Recorded data START
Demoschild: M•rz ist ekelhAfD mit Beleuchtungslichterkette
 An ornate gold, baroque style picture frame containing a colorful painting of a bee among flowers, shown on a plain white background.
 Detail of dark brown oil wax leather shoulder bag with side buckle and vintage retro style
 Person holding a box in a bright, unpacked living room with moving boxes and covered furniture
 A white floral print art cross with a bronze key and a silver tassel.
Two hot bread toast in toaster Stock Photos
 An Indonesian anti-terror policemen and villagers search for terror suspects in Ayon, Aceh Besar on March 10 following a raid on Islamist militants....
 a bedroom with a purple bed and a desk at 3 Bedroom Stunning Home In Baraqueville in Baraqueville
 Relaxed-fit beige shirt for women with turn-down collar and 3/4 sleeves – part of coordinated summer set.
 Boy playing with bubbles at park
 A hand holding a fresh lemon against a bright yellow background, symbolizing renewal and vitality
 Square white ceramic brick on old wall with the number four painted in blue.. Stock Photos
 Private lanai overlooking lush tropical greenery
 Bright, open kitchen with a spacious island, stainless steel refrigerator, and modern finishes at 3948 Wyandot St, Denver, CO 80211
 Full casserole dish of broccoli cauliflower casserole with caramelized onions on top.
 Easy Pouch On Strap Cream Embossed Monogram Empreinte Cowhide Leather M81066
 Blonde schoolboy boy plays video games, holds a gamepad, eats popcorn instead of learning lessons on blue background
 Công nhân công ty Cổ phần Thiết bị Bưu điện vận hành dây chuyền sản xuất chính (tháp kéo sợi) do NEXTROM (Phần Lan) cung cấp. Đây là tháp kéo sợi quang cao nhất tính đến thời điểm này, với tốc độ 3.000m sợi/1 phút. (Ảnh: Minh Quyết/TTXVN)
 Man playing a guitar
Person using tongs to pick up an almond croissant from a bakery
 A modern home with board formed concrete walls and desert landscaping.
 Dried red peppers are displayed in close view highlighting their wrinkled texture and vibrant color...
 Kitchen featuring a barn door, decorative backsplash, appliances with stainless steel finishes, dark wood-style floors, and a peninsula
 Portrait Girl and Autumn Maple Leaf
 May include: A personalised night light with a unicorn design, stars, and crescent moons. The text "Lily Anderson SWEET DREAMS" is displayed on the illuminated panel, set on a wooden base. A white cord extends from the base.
Recorded data END
* [Work instruction]: Everything above from the line containing "Private lanai overlooking" down to the line containing "Easy Pouch On" is to be transcribed exactly, with both of those lines included and nothing else added.

* [Written response]:
 Private lanai overlooking lush tropical greenery
 Bright, open kitchen with a spacious island, stainless steel refrigerator, and modern finishes at 3948 Wyandot St, Denver, CO 80211
 Full casserole dish of broccoli cauliflower casserole with caramelized onions on top.
 Easy Pouch On Strap Cream Embossed Monogram Empreinte Cowhide Leather M81066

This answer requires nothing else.